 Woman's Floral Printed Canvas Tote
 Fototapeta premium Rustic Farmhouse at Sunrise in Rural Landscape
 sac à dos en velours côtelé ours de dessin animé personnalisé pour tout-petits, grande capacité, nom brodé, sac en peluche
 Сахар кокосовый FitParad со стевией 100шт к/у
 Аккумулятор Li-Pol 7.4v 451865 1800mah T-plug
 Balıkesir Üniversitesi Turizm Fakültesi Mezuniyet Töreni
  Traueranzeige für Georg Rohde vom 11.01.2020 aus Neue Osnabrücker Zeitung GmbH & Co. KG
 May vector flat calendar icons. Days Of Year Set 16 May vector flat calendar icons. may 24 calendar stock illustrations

◆ **TO DO**
Nothing but the lines from the one holding "Аккумулятор Li-Pol 7.4v" through the end of the listing above should appear, each exactly as given.

◆ **SOLUTION BELOW**
 Аккумулятор Li-Pol 7.4v 451865 1800mah T-plug
 Balıkesir Üniversitesi Turizm Fakültesi Mezuniyet Töreni
  Traueranzeige für Georg Rohde vom 11.01.2020 aus Neue Osnabrücker Zeitung GmbH & Co. KG
 May vector flat calendar icons. Days Of Year Set 16 May vector flat calendar icons. may 24 calendar stock illustrations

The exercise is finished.